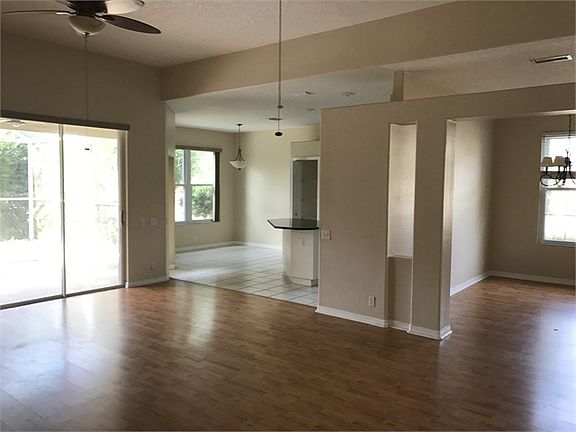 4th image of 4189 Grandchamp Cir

-------

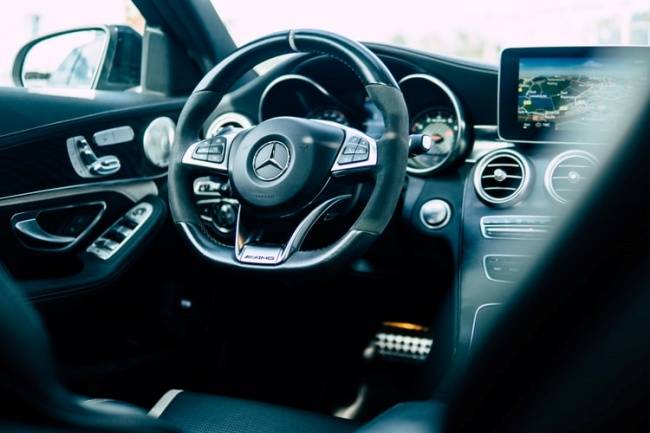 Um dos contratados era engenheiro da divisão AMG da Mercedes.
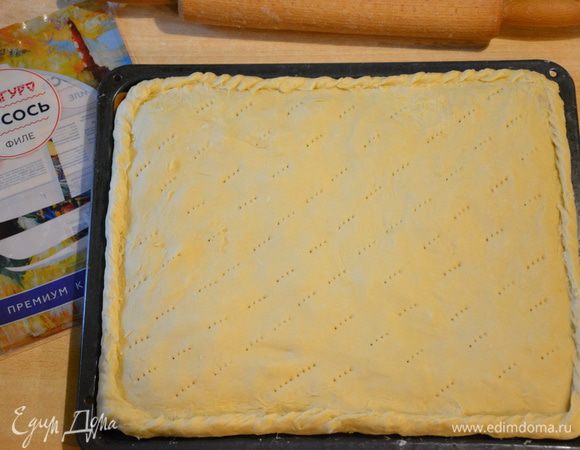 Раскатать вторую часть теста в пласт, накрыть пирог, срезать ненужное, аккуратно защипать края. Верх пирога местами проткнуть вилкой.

-------

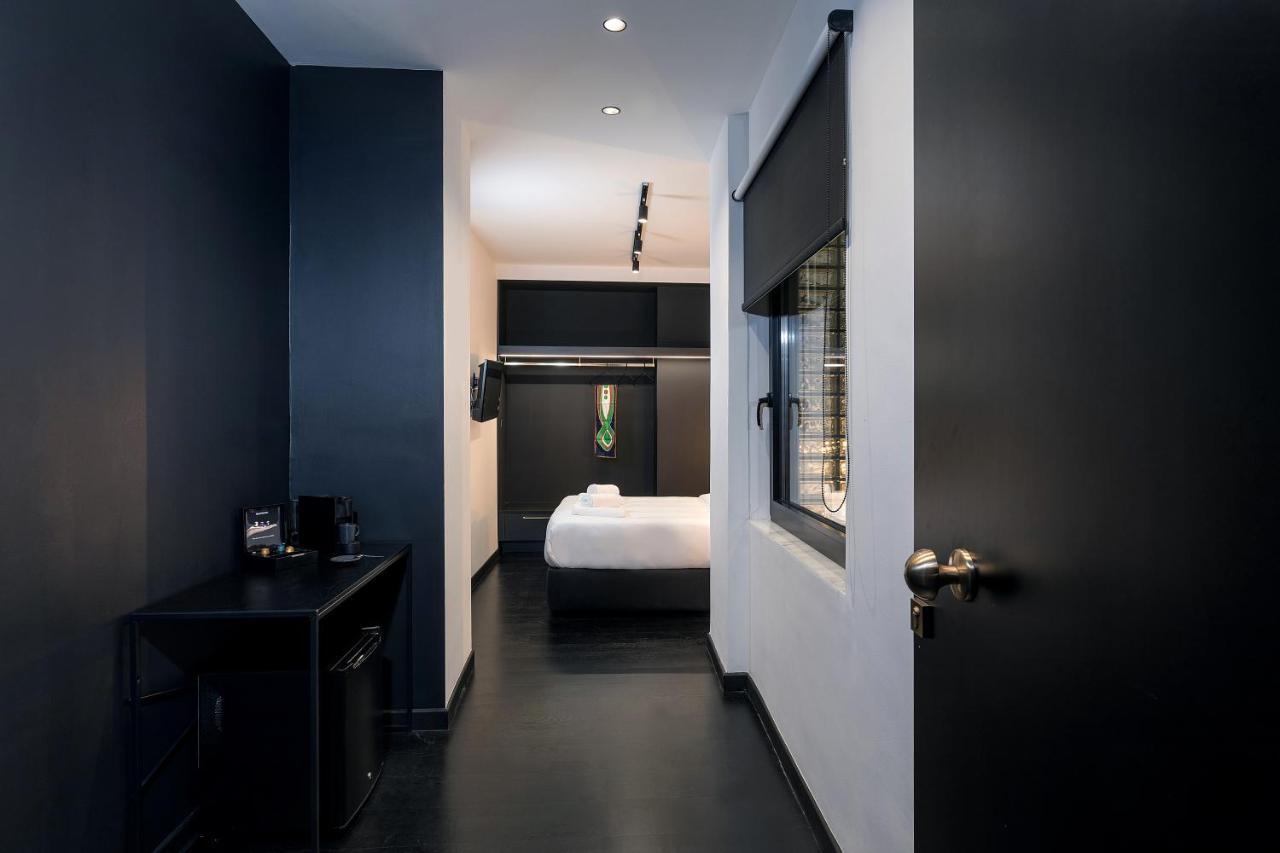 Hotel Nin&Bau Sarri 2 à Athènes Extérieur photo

-------

● **Assigned task**
Retype only the lines above from the one with "Um dos contratados" through the one with "Раскатать вторую часть", exactly and with both ends. Images stay out.

● **Result**
 Um dos contratados era engenheiro da divisão AMG da Mercedes.
 Раскатать вторую часть теста в пласт, накрыть пирог, срезать ненужное, аккуратно защипать края. Верх пирога местами проткнуть вилкой.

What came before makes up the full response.